EXERCISE OBJECTIVE:
Starting with the opening line of the entries below, transcribe each line exactly up to and including the one that has "EXCELLENT FINE(エクセレント ファイン)の「Tシャツ"; pictures are not copied.

DATA FOR ANALYSIS:
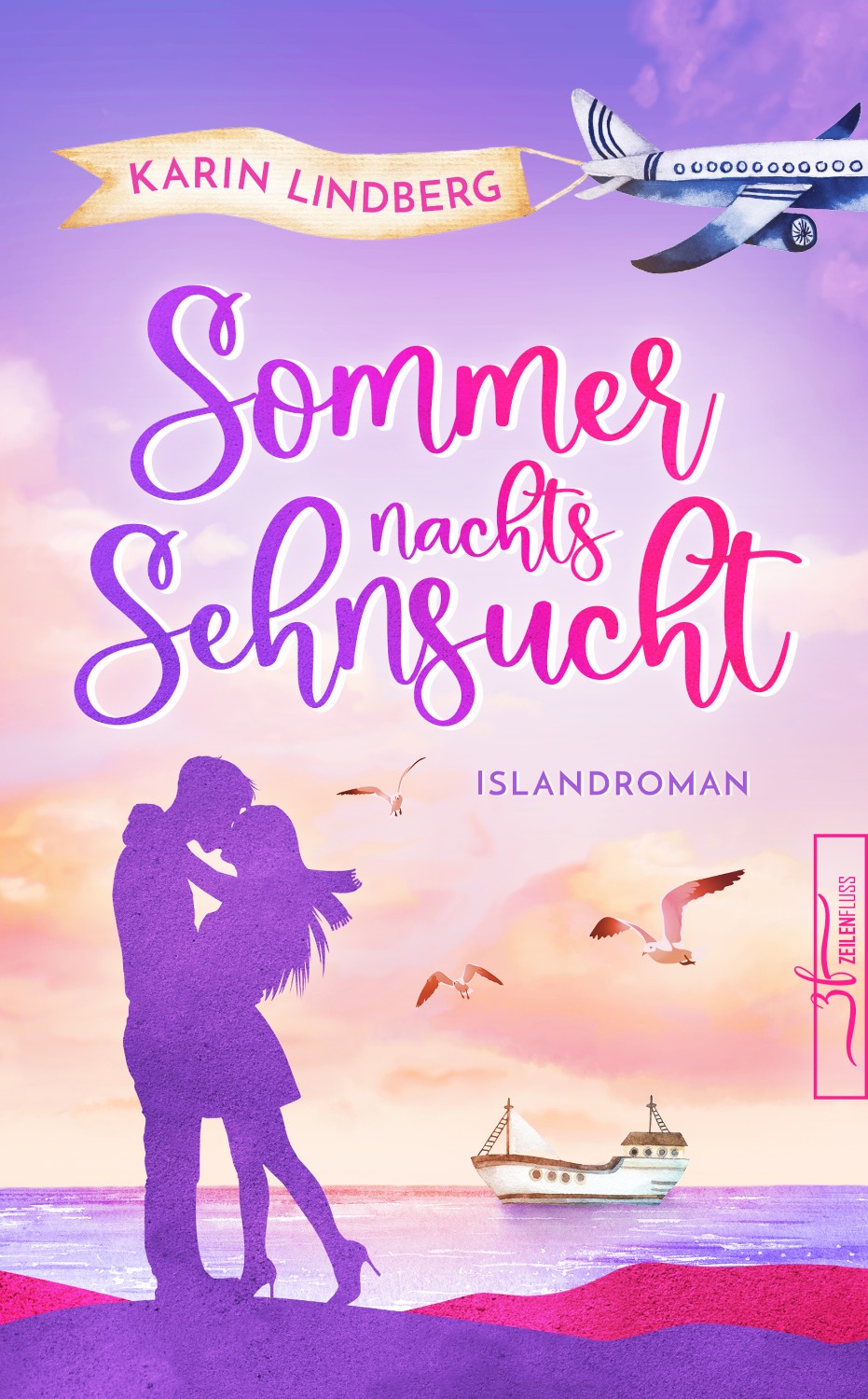 Buchcover Design Liebesroman Sommernachtssehnsucht von Karin Lindberg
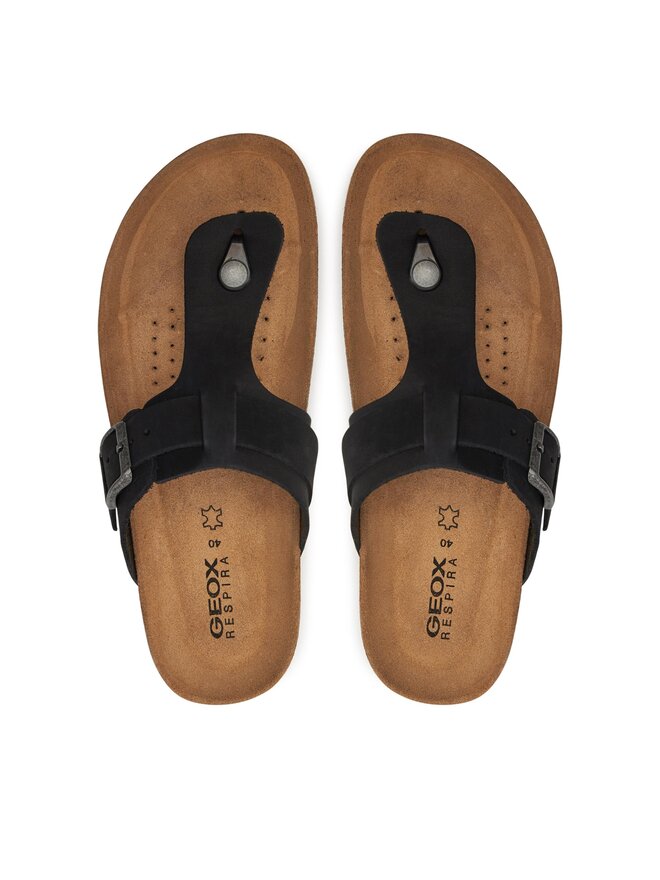Geox Zehentrenner Geox U Sandal Ghita D U159VD 00032 C9999 Schwarz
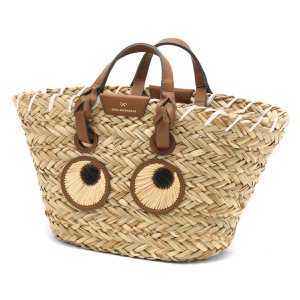 アニヤハインドマーチ バスケットバッグ/かごバッグ/ハンドバッグ バッグ レディース ペッパーアイズ スモール ナチュラルベージュ 155120 5050925155120 ANYA HINDMARCH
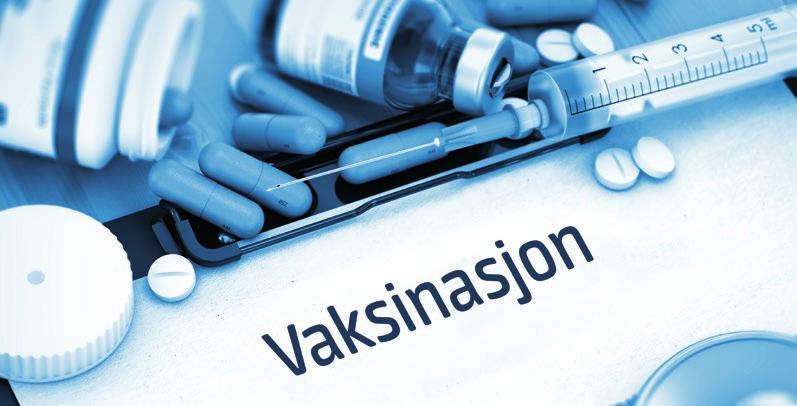 REISEMEDISIN OG REISERÅD Det er viktig at den reisende har riktig vaksinasjon i forhold til destinasjon. ILLUSTRASJONSFOTO: COLOURBOX de ler av Øst-Eu ro pa.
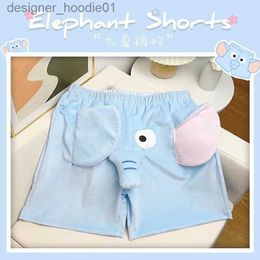 Women's Shorts Men's Shorts Lovable Elephant Summer At Home Casual Shorts Men and Women Breathable Funny Comfortable Couple Pattern Short Pants 230425 L230912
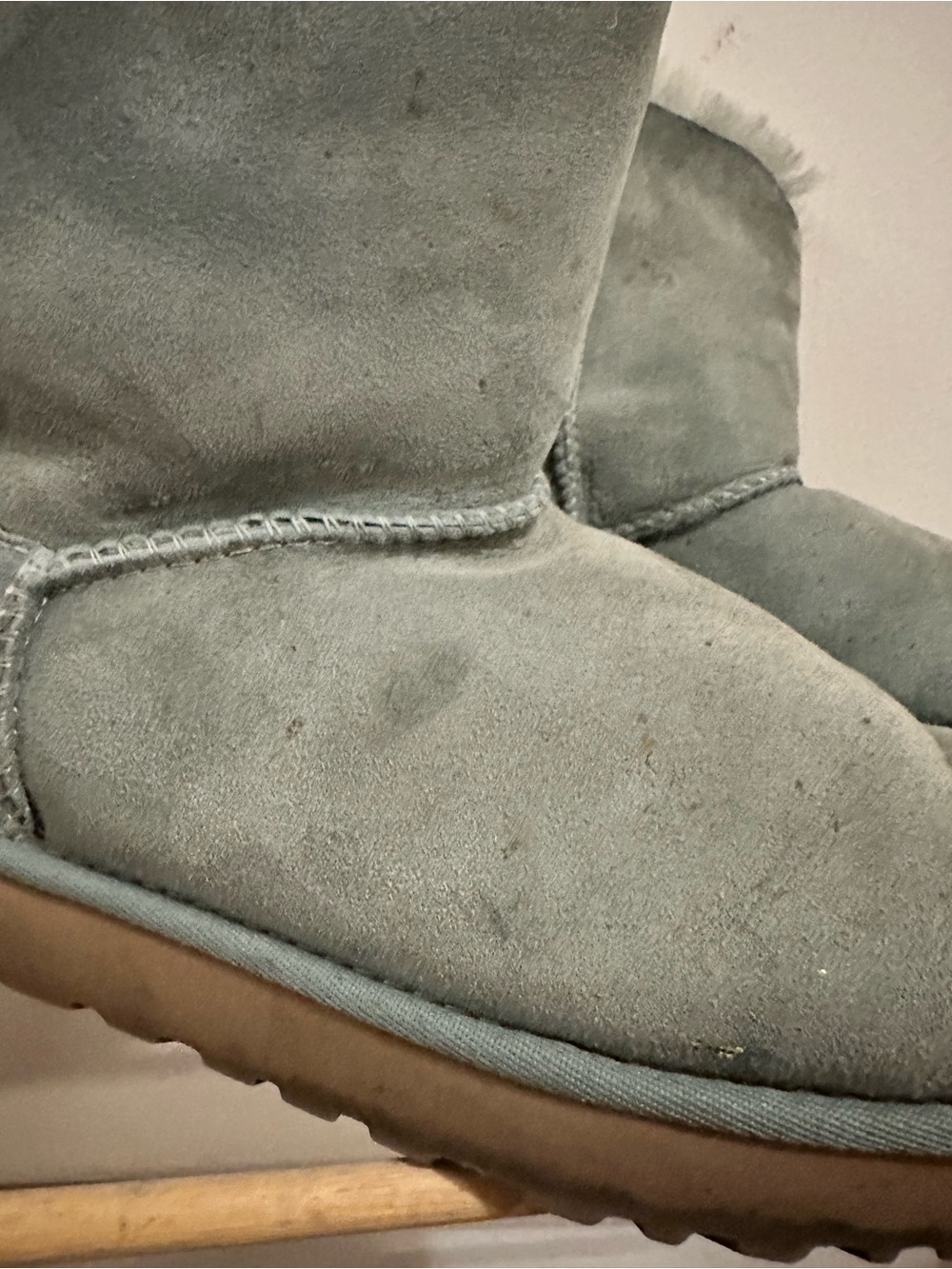 UGG Bailey Bow II Boots SIZE 11 in Sea Green/Cascade Teal/Succulent/Aloe MidCalf - Picture 7 of 8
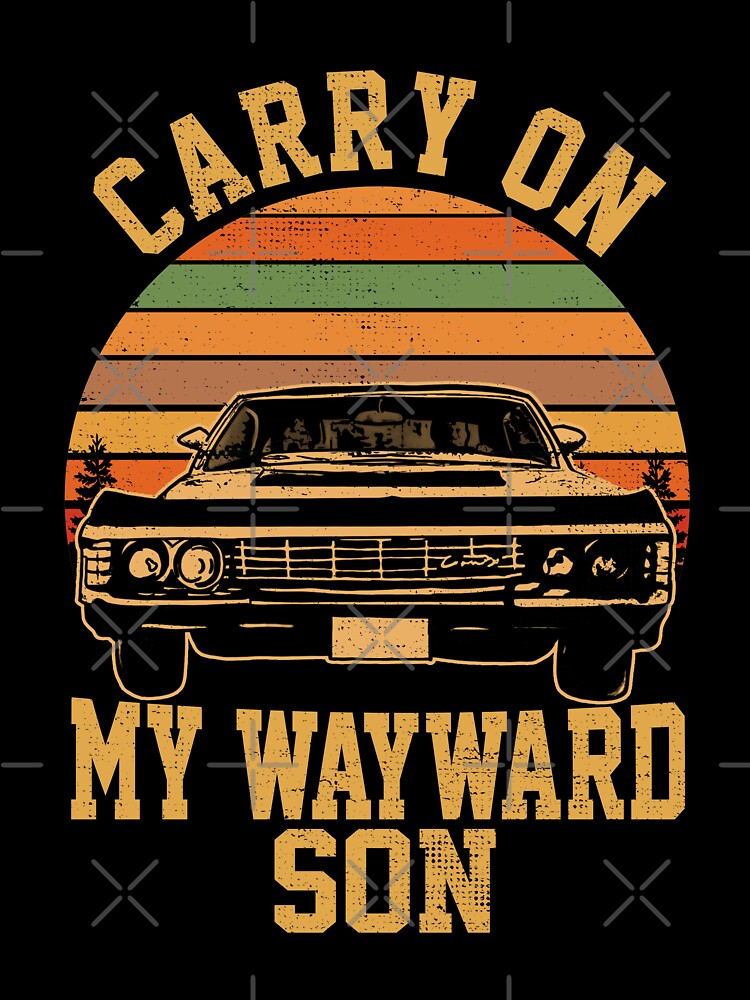 Carry On My Wayward Son Supernatural Vintage Sunset Distressed Style Child Bodysuit Baby One Piece By Wagner101 Redbubble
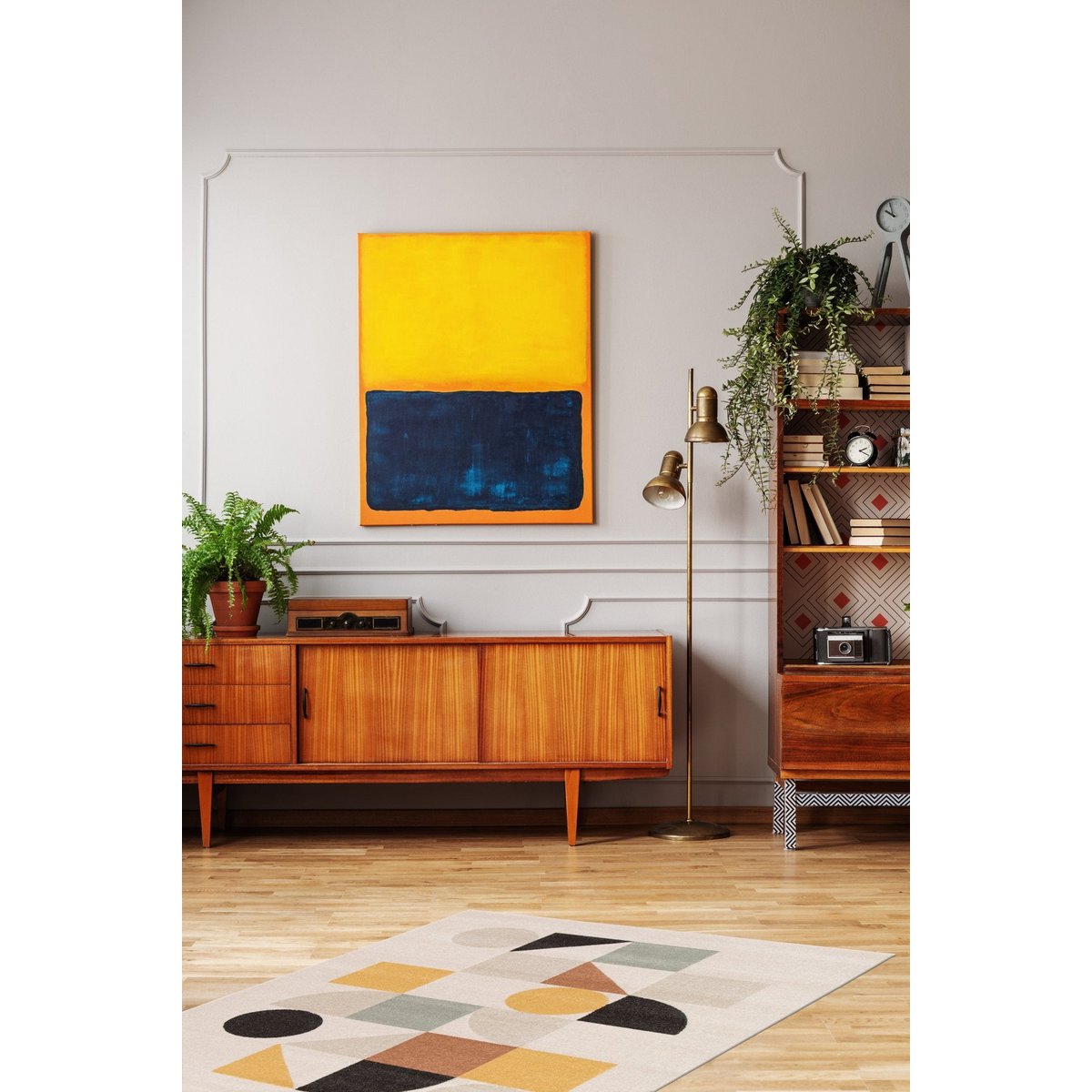 Moderner moderner geometrischer Teppichmodul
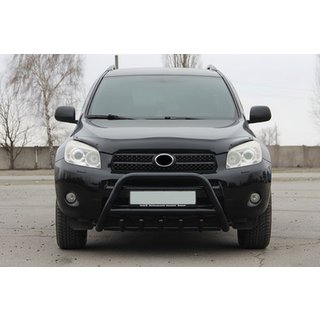 Кенгурятник WT003 Черный Нержавейка Toyota Rav 4 2006-2013 гг. фото 3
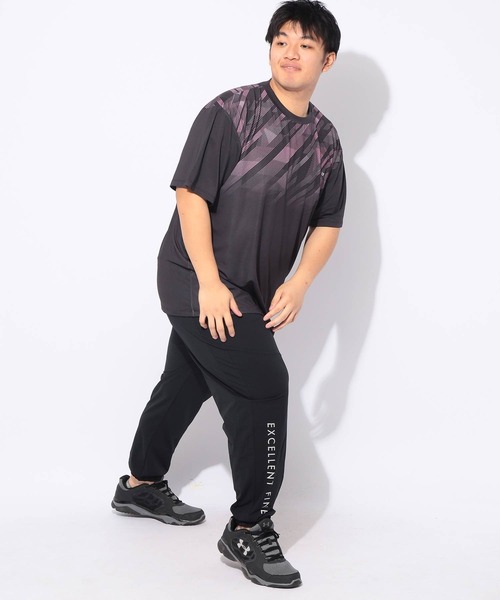 EXCELLENT FINE(エクセレント ファイン)の「Tシャツ 半袖 グラデーション メンズ 大きいサイズ ドライ ストレッチ クルーネック カットソー EXCELLENT FINE (エクセレントファイン)(Tシャツ/カットソー・メンズ・ネイビー/ホワイト/ブラック・X1(3L~4L)/X2(4L~5L)/X3(6L~7L))」の11枚目の写真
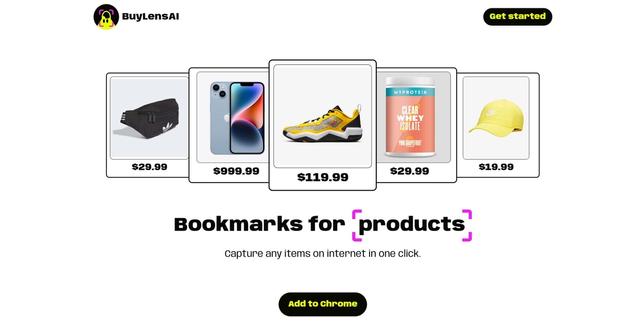 BuyLensAI - Makes online shopping more organized, budget-friendly, and social.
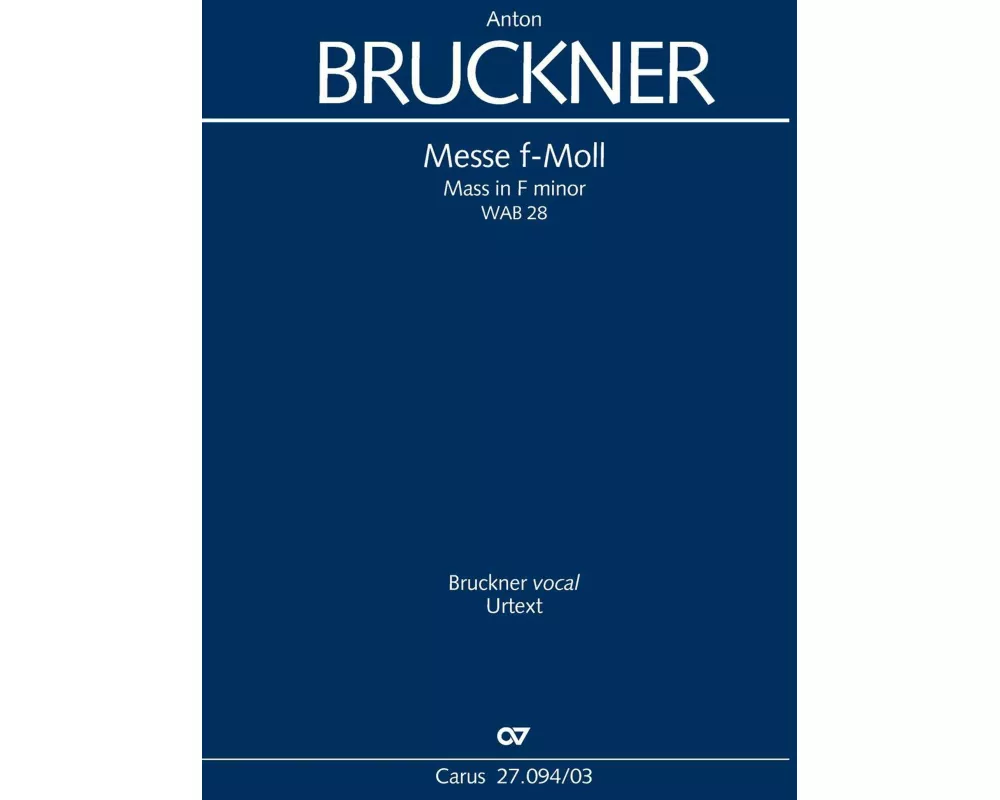 Messe in f-Moll (Klavierauszug)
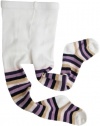 Egg By Susan Lazar Striped Knit Tights - Pink/Purple-2T-4T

WRITTEN SOLUTION:
 Buchcover Design Liebesroman Sommernachtssehnsucht von Karin Lindberg
Geox Zehentrenner Geox U Sandal Ghita D U159VD 00032 C9999 Schwarz
 アニヤハインドマーチ バスケットバッグ/かごバッグ/ハンドバッグ バッグ レディース ペッパーアイズ スモール ナチュラルベージュ 155120 5050925155120 ANYA HINDMARCH
 REISEMEDISIN OG REISERÅD Det er viktig at den reisende har riktig vaksinasjon i forhold til destinasjon. ILLUSTRASJONSFOTO: COLOURBOX de ler av Øst-Eu ro pa.
 Women's Shorts Men's Shorts Lovable Elephant Summer At Home Casual Shorts Men and Women Breathable Funny Comfortable Couple Pattern Short Pants 230425 L230912
 UGG Bailey Bow II Boots SIZE 11 in Sea Green/Cascade Teal/Succulent/Aloe MidCalf - Picture 7 of 8
 Carry On My Wayward Son Supernatural Vintage Sunset Distressed Style Child Bodysuit Baby One Piece By Wagner101 Redbubble
 Moderner moderner geometrischer Teppichmodul
 Кенгурятник WT003 Черный Нержавейка Toyota Rav 4 2006-2013 гг. фото 3
 EXCELLENT FINE(エクセレント ファイン)の「Tシャツ 半袖 グラデーション メンズ 大きいサイズ ドライ ストレッチ クルーネック カットソー EXCELLENT FINE (エクセレントファイン)(Tシャツ/カットソー・メンズ・ネイビー/ホワイト/ブラック・X1(3L~4L)/X2(4L~5L)/X3(6L~7L))」の11枚目の写真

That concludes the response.